_Entries taken from a collection_.
------------
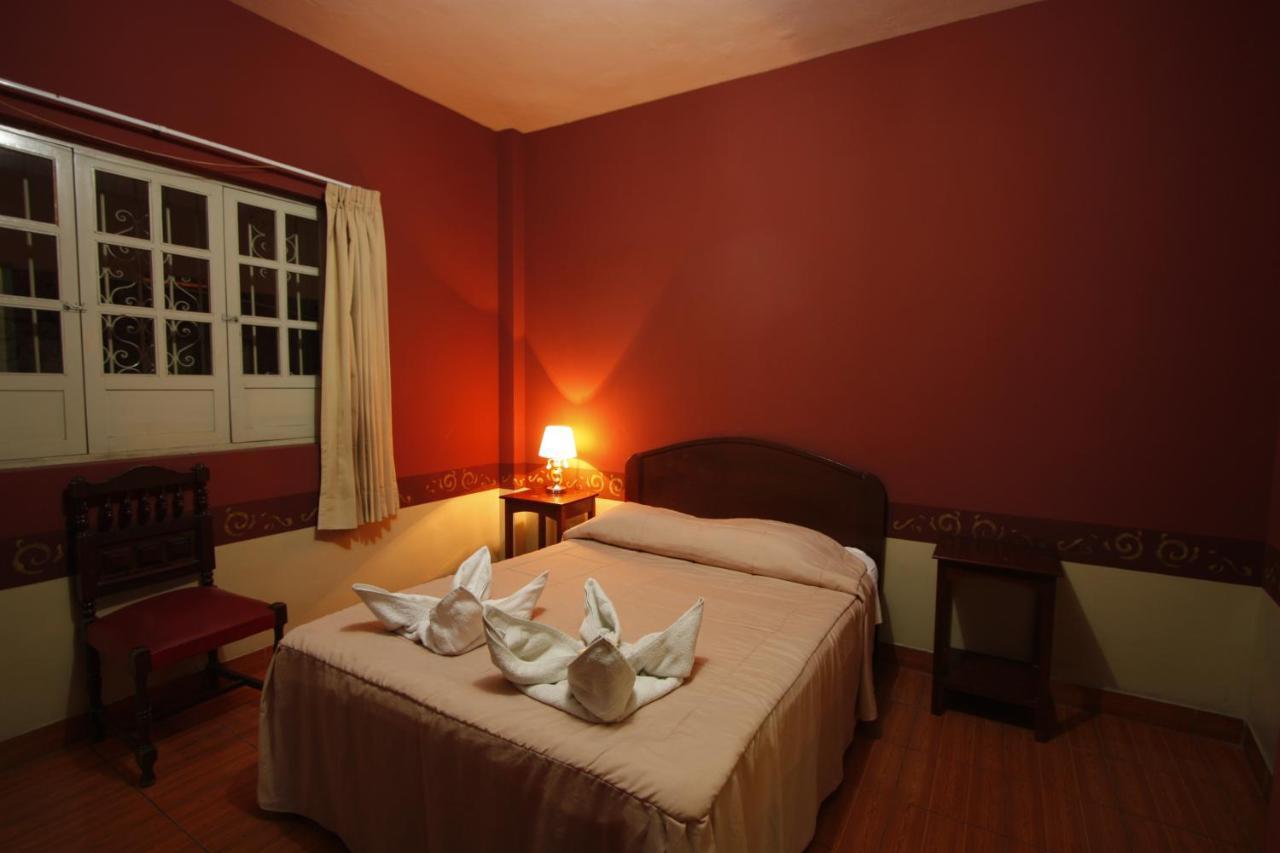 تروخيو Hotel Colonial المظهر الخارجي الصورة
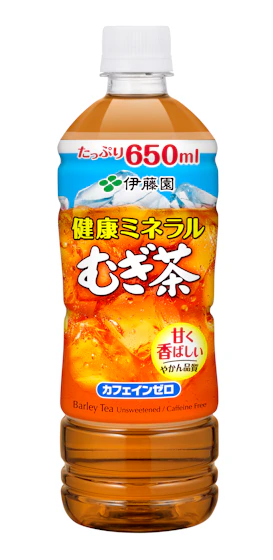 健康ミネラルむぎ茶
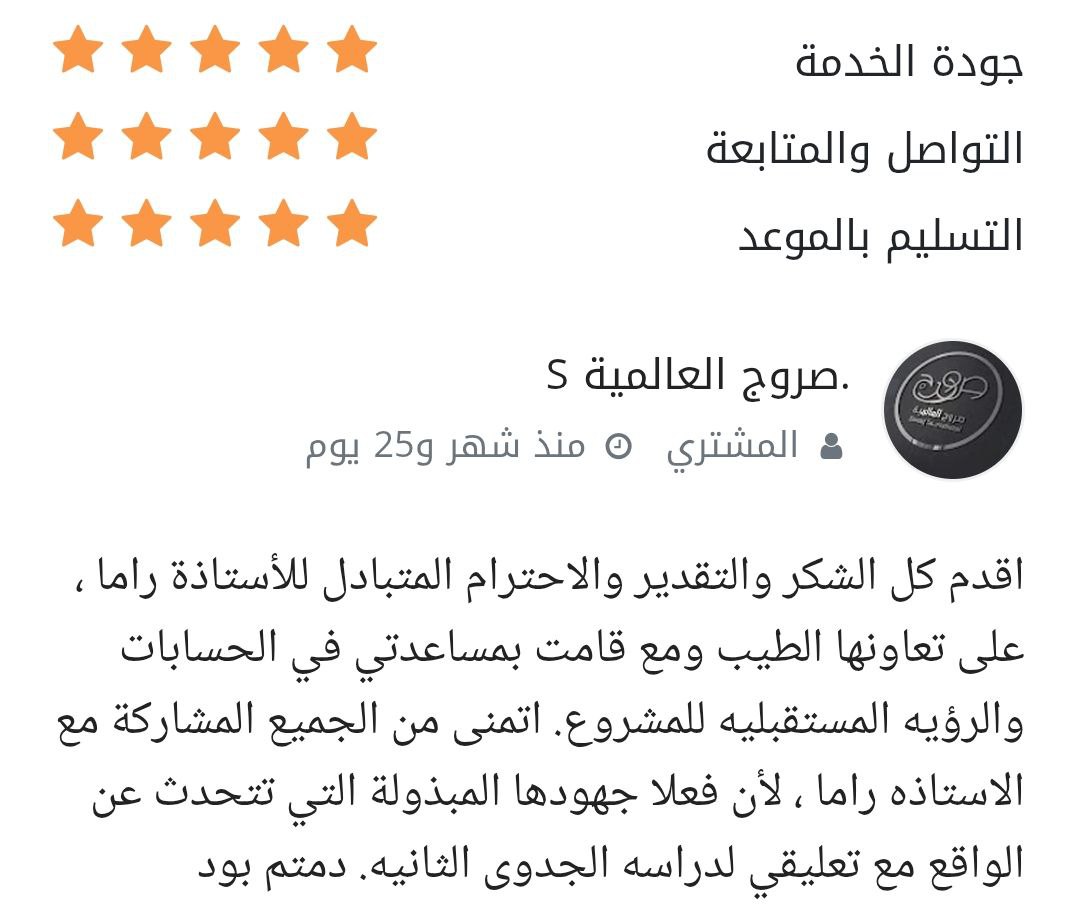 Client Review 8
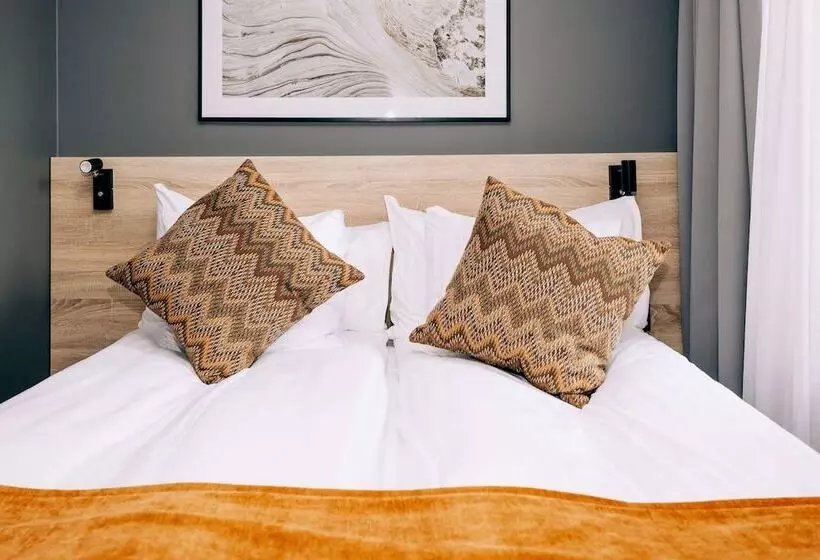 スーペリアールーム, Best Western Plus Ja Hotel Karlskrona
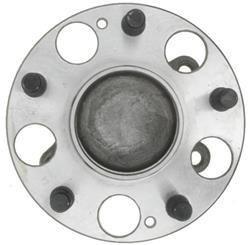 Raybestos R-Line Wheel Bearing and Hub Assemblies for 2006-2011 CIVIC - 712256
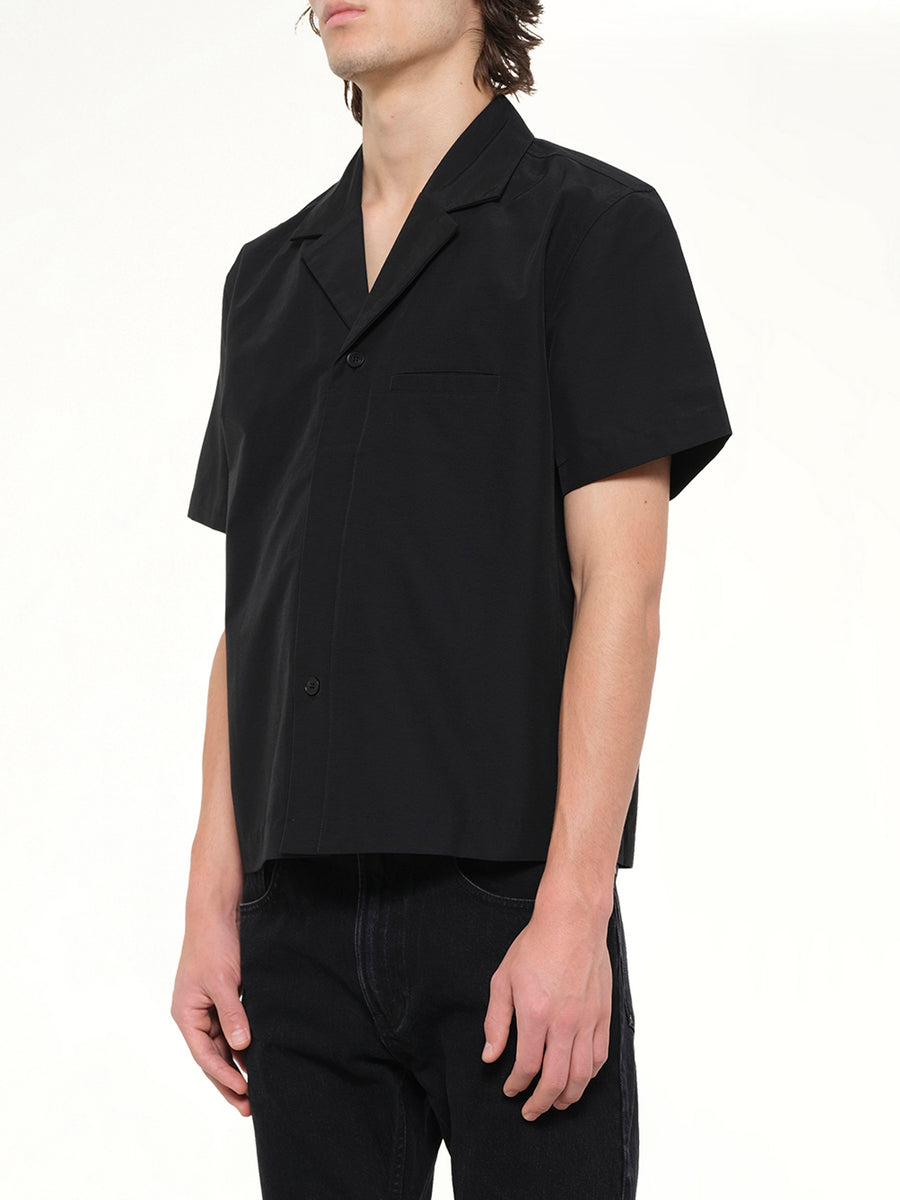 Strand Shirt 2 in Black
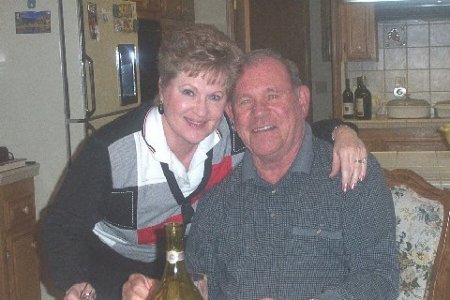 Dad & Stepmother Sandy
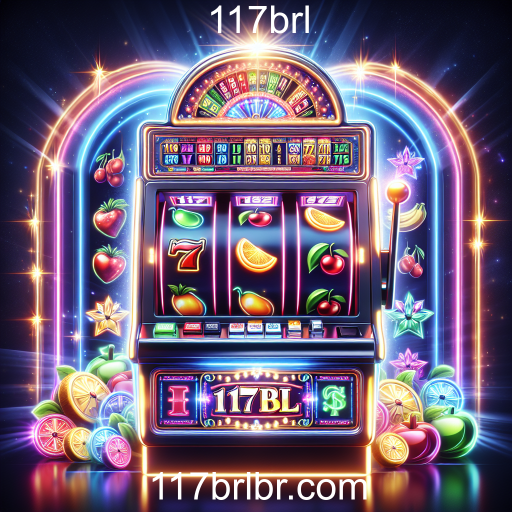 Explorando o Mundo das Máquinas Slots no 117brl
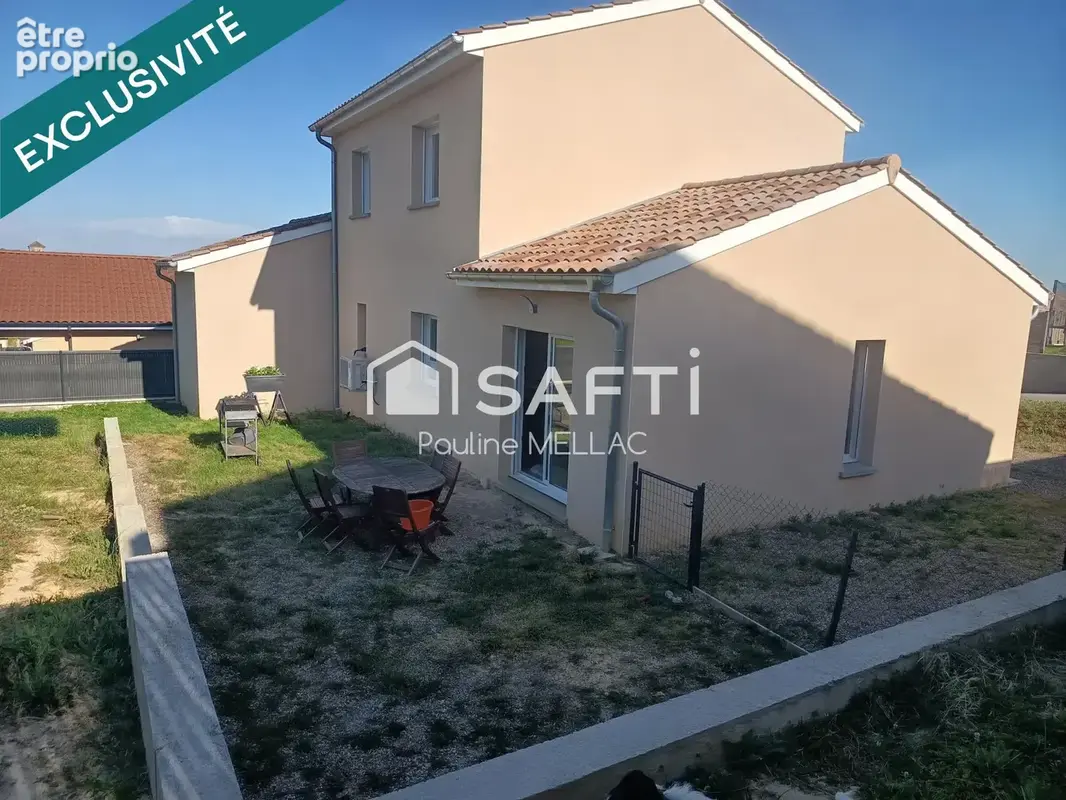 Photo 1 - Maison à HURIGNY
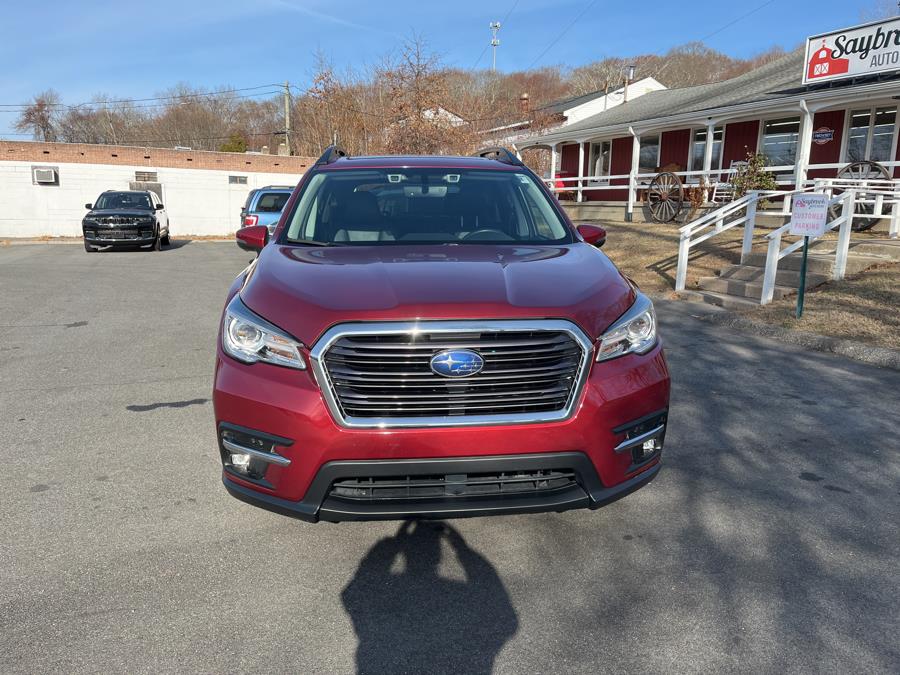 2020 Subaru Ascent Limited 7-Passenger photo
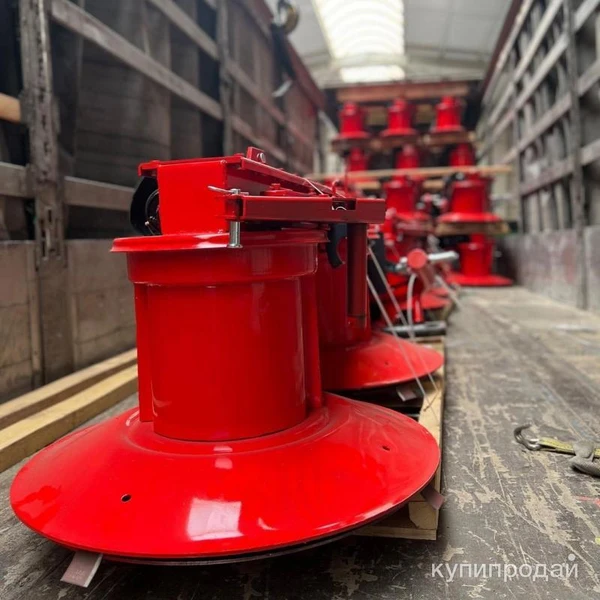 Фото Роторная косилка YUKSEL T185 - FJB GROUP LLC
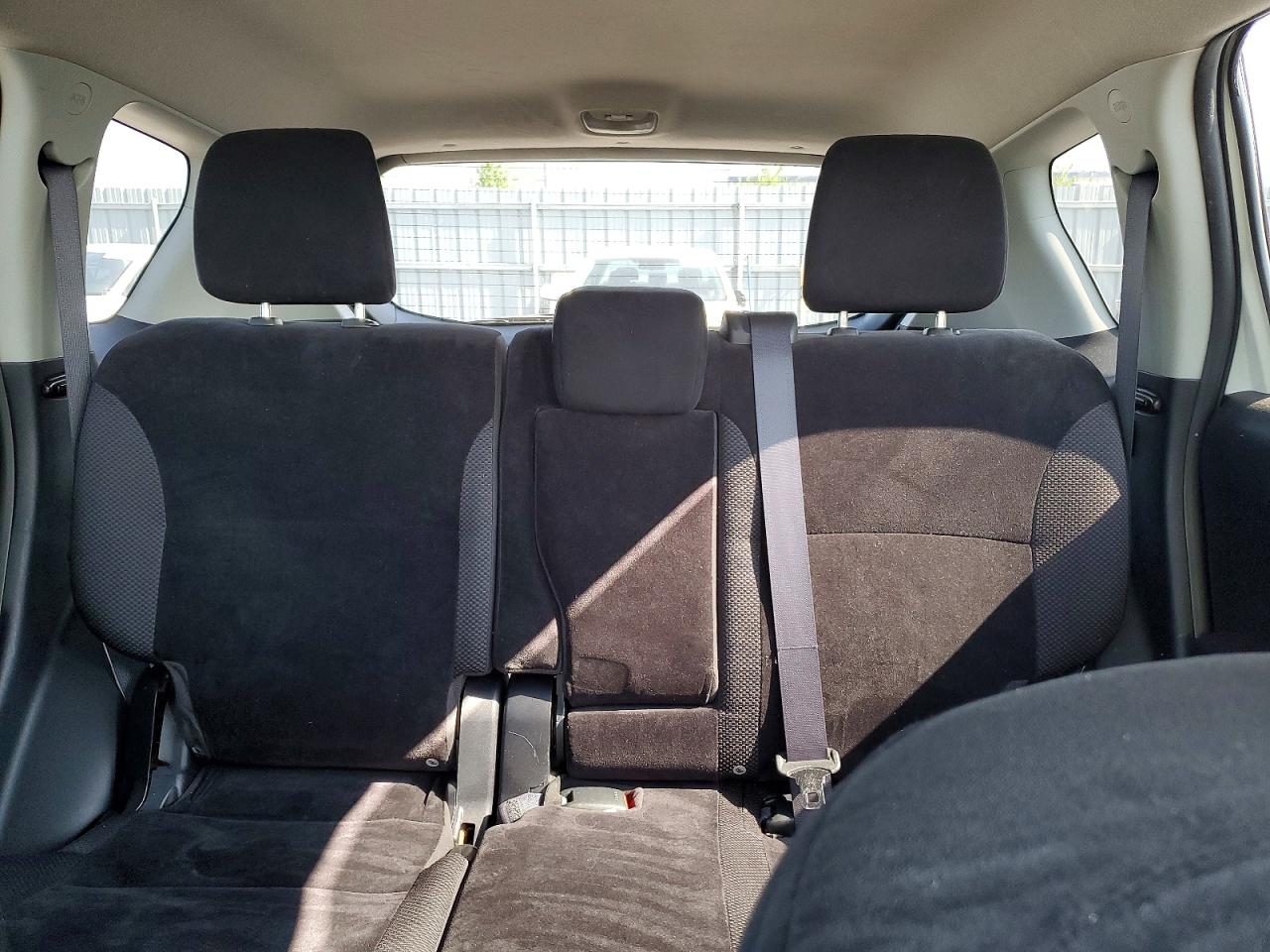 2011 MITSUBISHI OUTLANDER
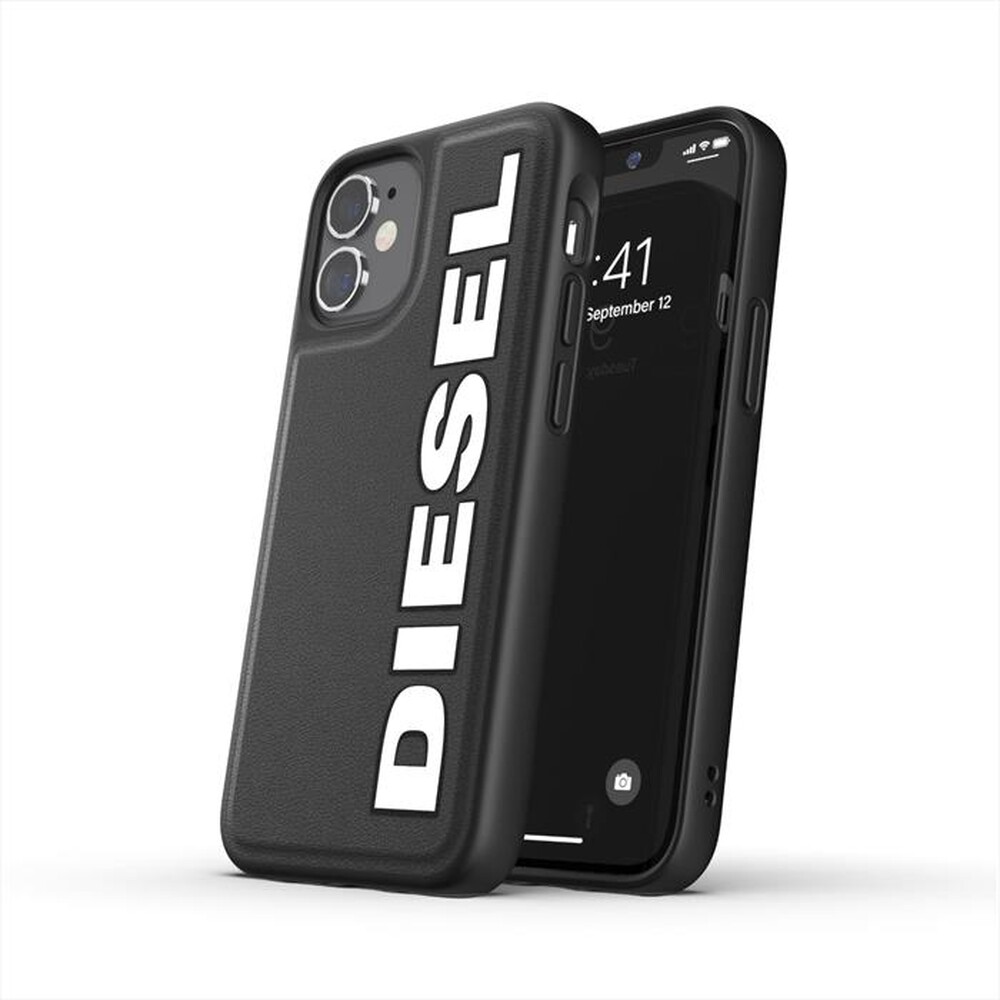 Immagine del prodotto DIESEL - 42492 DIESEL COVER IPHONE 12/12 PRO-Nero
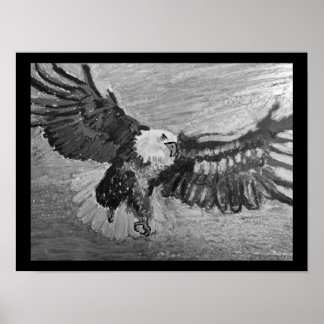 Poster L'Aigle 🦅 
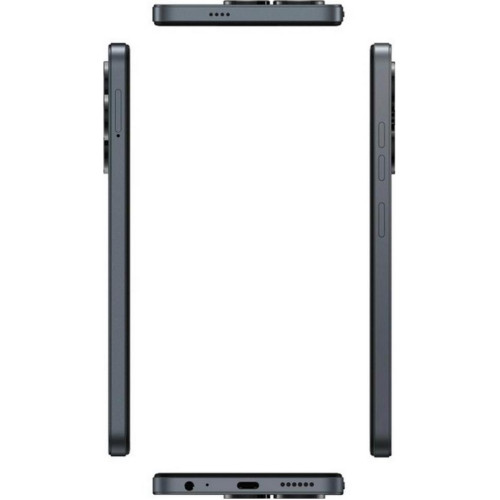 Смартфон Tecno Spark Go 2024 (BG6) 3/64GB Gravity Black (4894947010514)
------------
_Problem description_.
Give back exactly the lines above from the one with "Dad & Stepmother Sandy" through the one with "2011 MITSUBISHI OUTLANDER", both included. Pictures don't belong in the copy.

_The completed task_.
 Dad & Stepmother Sandy
 Explorando o Mundo das Máquinas Slots no 117brl
 Photo 1 - Maison à HURIGNY
 2020 Subaru Ascent Limited 7-Passenger photo
 Фото Роторная косилка YUKSEL T185 - FJB GROUP LLC
 2011 MITSUBISHI OUTLANDER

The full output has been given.